▶ **Exercise details**: Transcribe the data underneath exactly. No images belong in your version.

▶ **Data shown**:
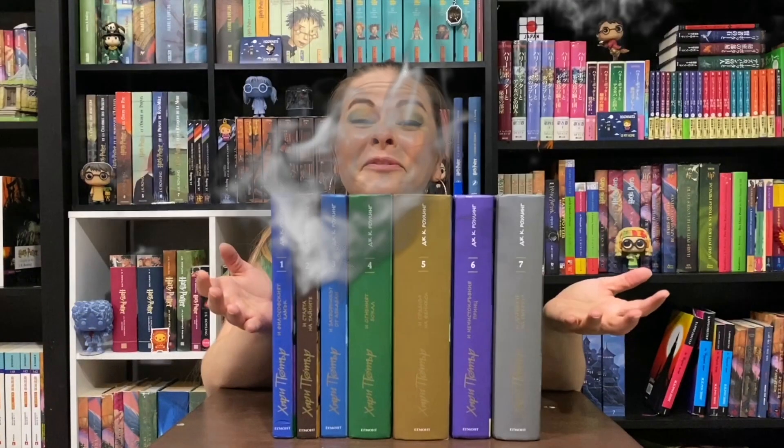Hey guys, it's Carly from All The Pretty Books, your place for all things Harry Potter. And today, what I thought we'd talk about is the beautiful new Bulgarian Harry Potter books.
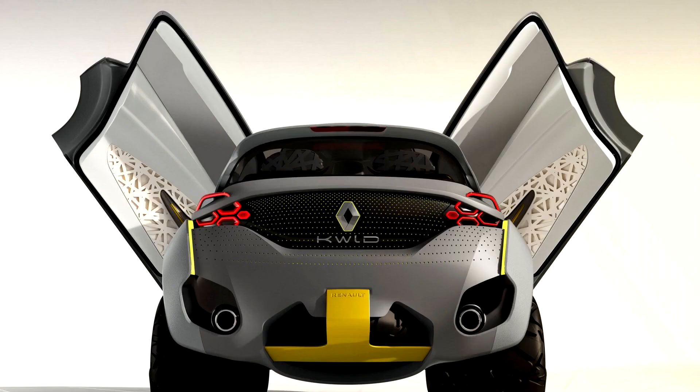Powered by a 1.2-liter turbocharged engine, the Compact Off-Road Concept is paired to a dual-clutch transmission for low fuel consumption.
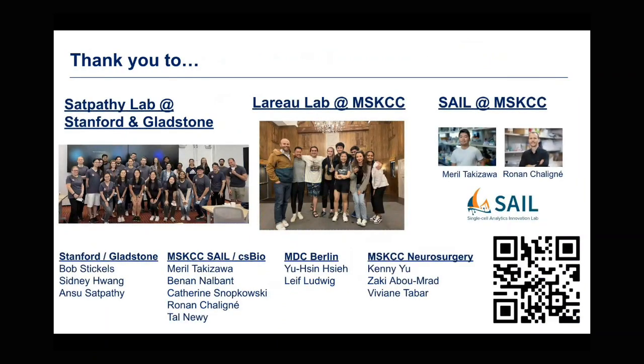With that, I really want to thank people who have been instrumental in this work — the Satpathy Lab at Stanford and Gladstone, where I learned and grew a lot. I want to thank the LaRoe Lab, which I've been interacting with and learning from recently. And I really want to thank SAIL for elevating this work — they've been great to work with, interact with, and learn from. That's all I've been talking about. Thank you.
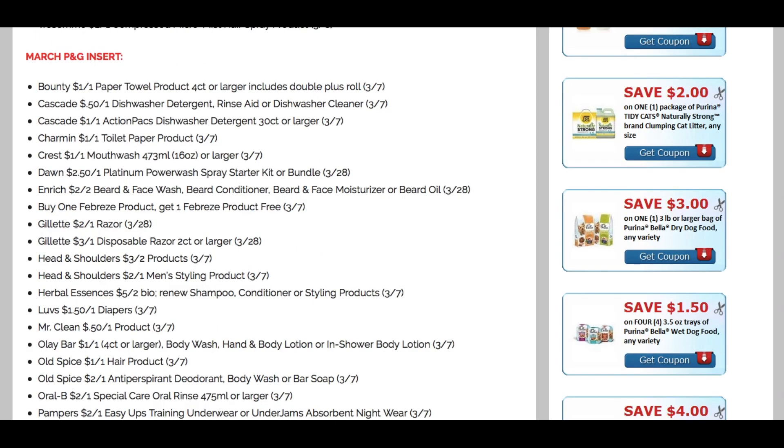Now we're diving into the last insert — the March P&G insert, always one of the best to grab. I always recommend getting two newspapers when the P&G comes out, and this month there are really great savings. Starting with Bounty — a dollar off one paper product coupon is always great, though it expires March 7th. Cascade, Charmin — dollar off one. Crest Mouthwash — dollar off one. Dawn — $2.50 off one on the Platinum. Some beard products at $2 off two. And Febreze: buy one Febreze product, get one free — a great coupon to take advantage of.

▶ **Answer**:
Hey guys, it's Carly from All The Pretty Books, your place for all things Harry Potter. And today, what I thought we'd talk about is the beautiful new Bulgarian Harry Potter books.
Powered by a 1.2-liter turbocharged engine, the Compact Off-Road Concept is paired to a dual-clutch transmission for low fuel consumption.
With that, I really want to thank people who have been instrumental in this work — the Satpathy Lab at Stanford and Gladstone, where I learned and grew a lot. I want to thank the LaRoe Lab, which I've been interacting with and learning from recently. And I really want to thank SAIL for elevating this work — they've been great to work with, interact with, and learn from. That's all I've been talking about. Thank you.
Now we're diving into the last insert — the March P&G insert, always one of the best to grab. I always recommend getting two newspapers when the P&G comes out, and this month there are really great savings. Starting with Bounty — a dollar off one paper product coupon is always great, though it expires March 7th. Cascade, Charmin — dollar off one. Crest Mouthwash — dollar off one. Dawn — $2.50 off one on the Platinum. Some beard products at $2 off two. And Febreze: buy one Febreze product, get one free — a great coupon to take advantage of.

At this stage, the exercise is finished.